[[ GIVEN DATA, beginning ]]

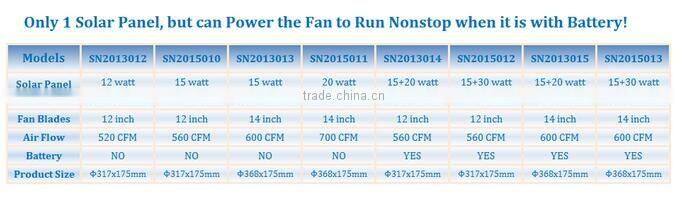 vent goods new products solar panel air conditioner machine rechargeable battery for home roof exhaust fan solar attic fan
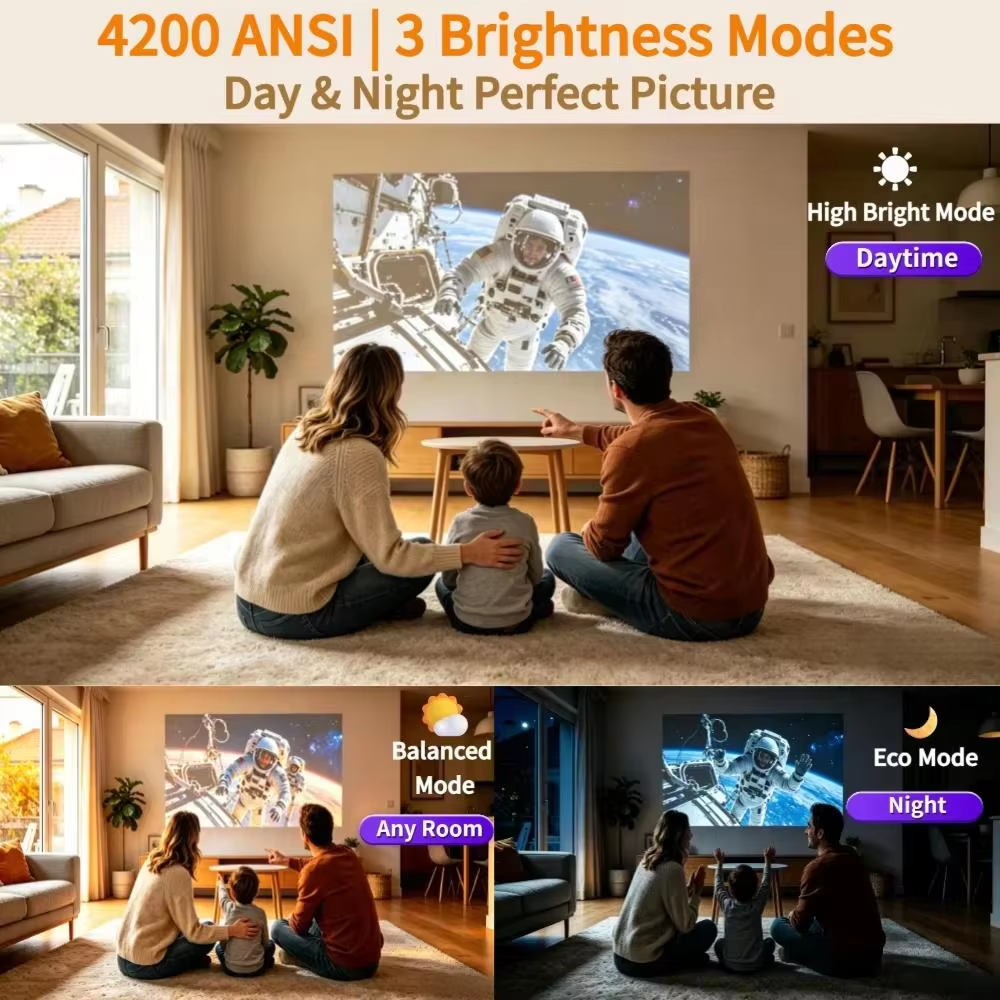 4200 ANSI Native 1080P 4K UHD  - Home Cinema Experience recensione e prezzo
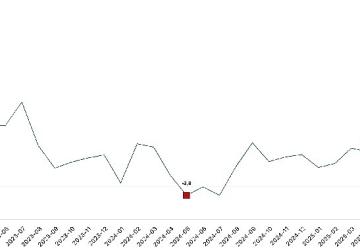 Ticaret satış hacmi yıllık yüzde 19,2 arttı, perakende satış hacmi yıllık yüzde 17,7 arttı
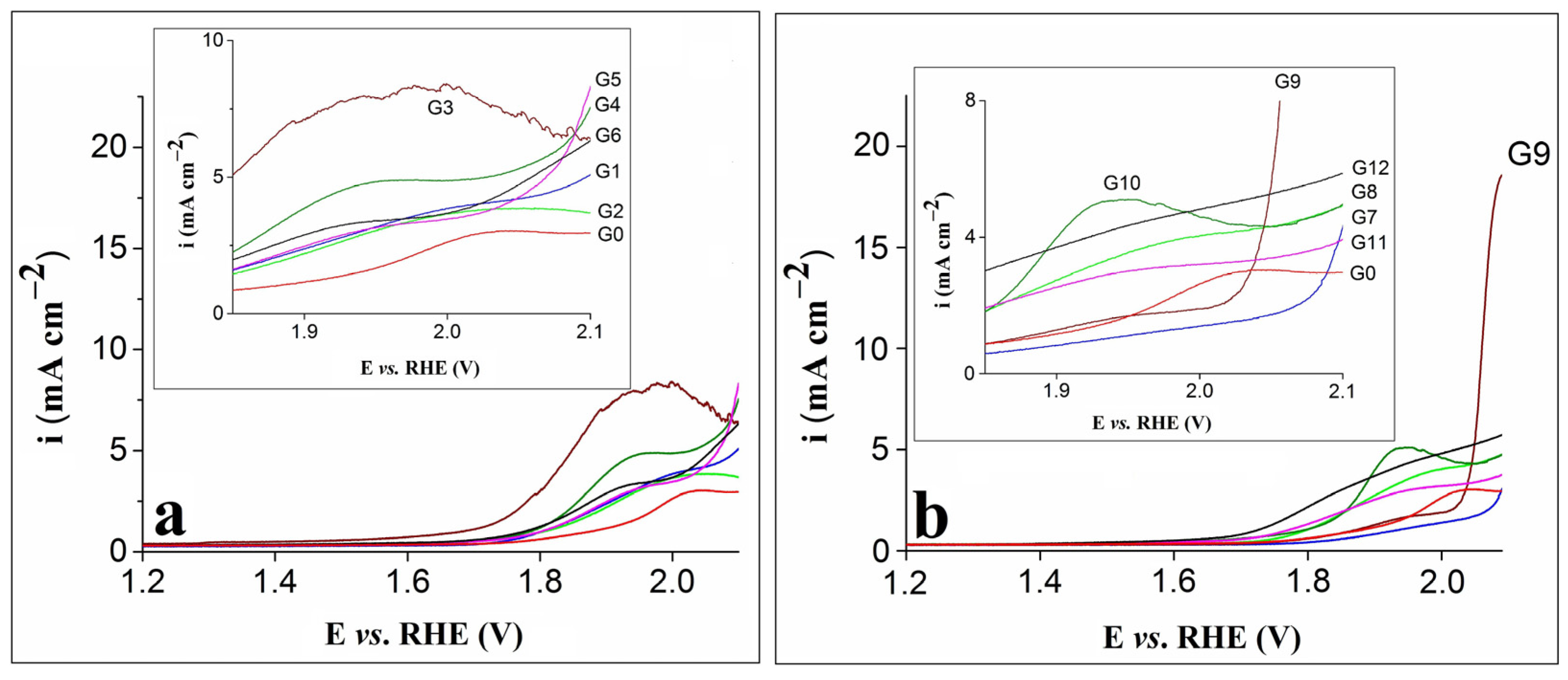 Crystals 12 01803 g001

[[ GIVEN DATA, end ]]

_REQUIREMENT_
The lines from the one containing "4200 ANSI Native" to the final line of the material, both ends included, should be retyped exactly and alone, with no pictures.

_OUTPUT OF THE TASK_
 4200 ANSI Native 1080P 4K UHD  - Home Cinema Experience recensione e prezzo
 Ticaret satış hacmi yıllık yüzde 19,2 arttı, perakende satış hacmi yıllık yüzde 17,7 arttı
 Crystals 12 01803 g001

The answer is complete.